**Material for this exercise:**
--------------------------------------------------
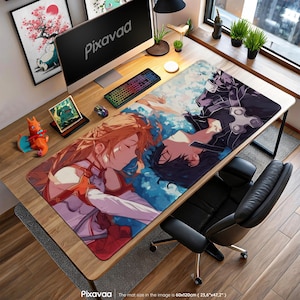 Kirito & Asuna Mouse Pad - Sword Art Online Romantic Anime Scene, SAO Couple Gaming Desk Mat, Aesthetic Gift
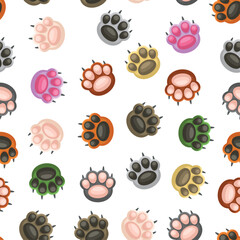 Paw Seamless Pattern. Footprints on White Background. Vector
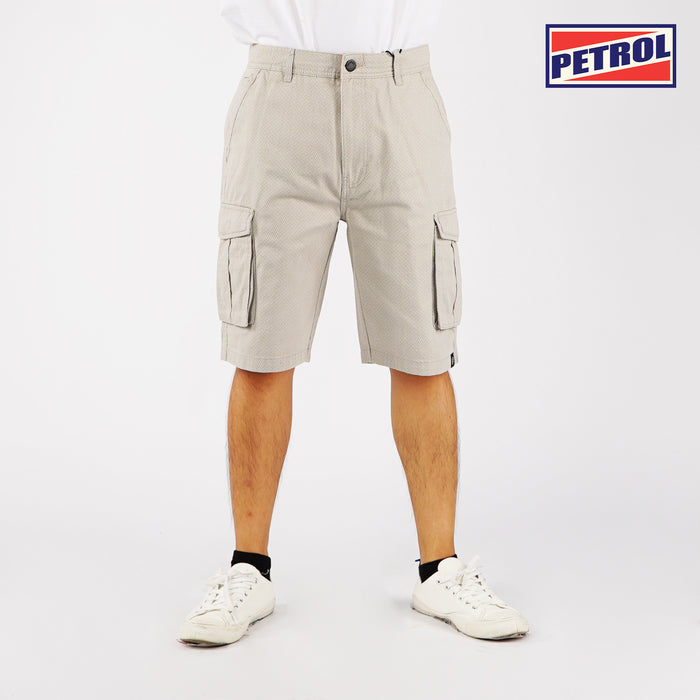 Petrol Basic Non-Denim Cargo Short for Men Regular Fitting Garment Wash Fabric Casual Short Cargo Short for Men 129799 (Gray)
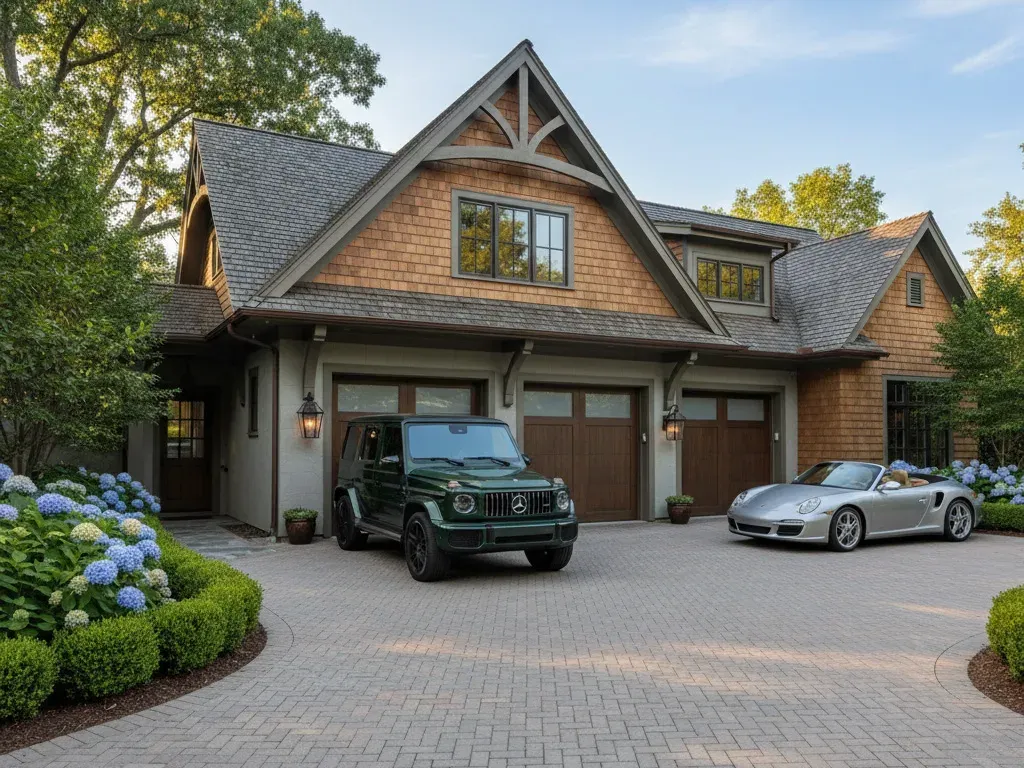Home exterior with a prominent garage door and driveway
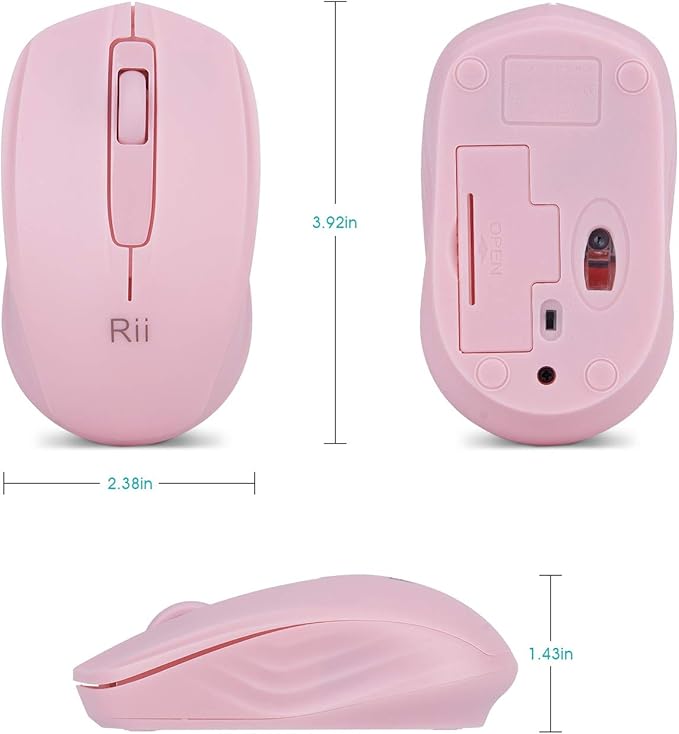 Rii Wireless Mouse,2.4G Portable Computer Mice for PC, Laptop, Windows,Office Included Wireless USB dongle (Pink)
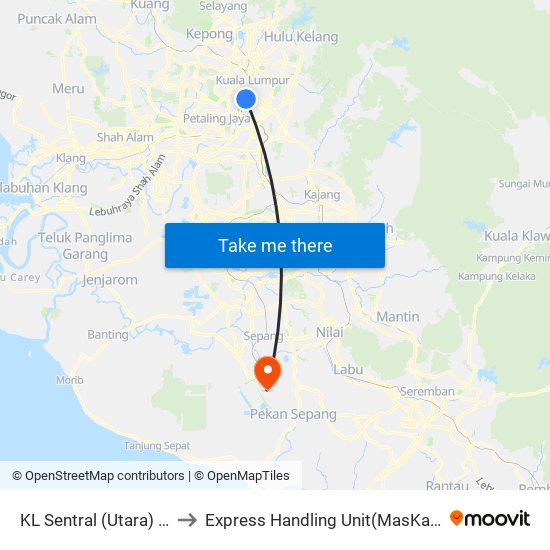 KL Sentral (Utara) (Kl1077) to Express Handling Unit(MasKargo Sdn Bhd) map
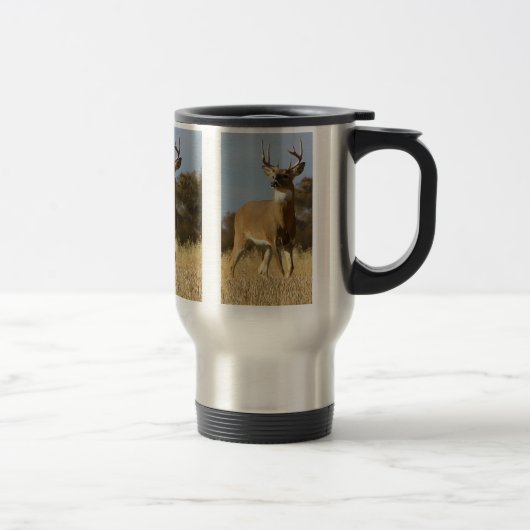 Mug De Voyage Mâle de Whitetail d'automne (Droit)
--------------------------------------------------
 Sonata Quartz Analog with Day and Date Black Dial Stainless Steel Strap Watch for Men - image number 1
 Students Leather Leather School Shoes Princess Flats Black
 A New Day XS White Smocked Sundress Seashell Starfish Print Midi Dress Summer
--------------------------------------------------
**Action item:** For this exercise, please set down exactly the lines of the listing above from the line with "Paw Seamless Pattern." up to and including the line with "Mug De Voyage", and no pictures.

**Exercise answer:**
 Paw Seamless Pattern. Footprints on White Background. Vector
 Petrol Basic Non-Denim Cargo Short for Men Regular Fitting Garment Wash Fabric Casual Short Cargo Short for Men 129799 (Gray)
Home exterior with a prominent garage door and driveway
 Rii Wireless Mouse,2.4G Portable Computer Mice for PC, Laptop, Windows,Office Included Wireless USB dongle (Pink)
 KL Sentral (Utara) (Kl1077) to Express Handling Unit(MasKargo Sdn Bhd) map
 Mug De Voyage Mâle de Whitetail d'automne (Droit)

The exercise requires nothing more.